I didn’t have much time in Chile – only 3 days to be precise.
I was taking on Macchu Pichu and the easiest entrance to South America was with Qantas, direct to Santiago from Sydney.
As usual, my plans were … fluid. When travelling alone, I like to keep it casual. I don’t book a hotel room until I arrive, usually on-line. That’s not to say that I leave everything to chance: I always have a guide-book.
Of course, there is a lot of time for reading said guide-book in a jumbo jet as it flies over the Pacific Ocean. And somewhere east of New Zealand, I read about the city of Valparaiso, and became intrigued.
Valparaiso is a port city on the west coast of Chile, only a few hours from the capital, and is UNESCO listed. So it was decided – I would head straight there on arrival. Regular bus services make the trip, and if I could muster enough Spanish to find the bus terminal (terminale – not that difficult), I should be sweet.
It was not quite as simple as I had hoped – it never is. The conductor couldn’t understand my crazy accent for even the simplest Spanish words (even the ones which were identical in both languages), but I eventually found it. I bought a ticket, and found a seat on the nearly empty, but comfortable bus.
I found a window seat and settled in. I was tired after a long flight, and just wanted to be left alone.
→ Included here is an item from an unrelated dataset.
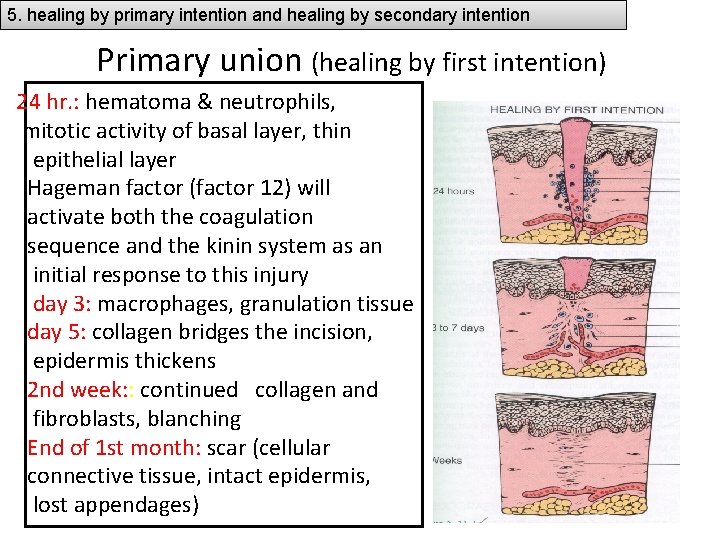 5. healing by primary intention and healing by secondary intention Primary union (healing by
Unfortunately, the bus seats were numbered, and Chileans are scrupulous about sitting in their allotted positions, even when empty seats abounded, and I was chivvied out of my seat on more than one occasion.
The trip was only about 1-2 hours, though lovely rural countryside. Low, lush hills streaked with vineyards and huge haciendas. This is the Casablanca valley, and with a few days and a motorcycle, one could make quite the pleasant journey. Alas, I didn’t have that luxury.
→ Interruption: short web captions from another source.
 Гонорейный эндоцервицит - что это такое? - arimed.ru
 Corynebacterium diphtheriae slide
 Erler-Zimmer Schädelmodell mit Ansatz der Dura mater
Valparaiso is not like any other city I have been to. It is Chile’s most important port city, and long ago outgrew its tiny coastal plain. It had no choice but to cling like limpets to the steep surrounding hills. Like most port cities, it is deeply industrial and grimy, but has fought hard to maintain a certain charm. It will never be a town of luxury coastal resorts: that honour goes to Vina del Mar, a township only a few kilometres to the north.
By the time the bus arrived, the day was getting long. The bus terminal is on the coastal plain, not far from the docks, and a taxi would be required to find my hill-side hotel, the Ultramar, lest I require knee replacement surgery on my first day.
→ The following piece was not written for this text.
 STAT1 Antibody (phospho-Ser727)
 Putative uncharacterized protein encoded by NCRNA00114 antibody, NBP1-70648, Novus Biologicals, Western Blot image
The taxi took any number of steep switchbacks through the narrow streets, before depositing me at my lodging, dizzy and disoriented. I could not be persuaded to say that the hotel is central: that would be a lie, but it is a lovely building, renovated beautifully, with a courtyard overlooking the ocean, serving cold beer. I was, it appeared, the only guest in residence. I had a hot shower, and fell into bed, looking forward to a day of exploring tomorrow.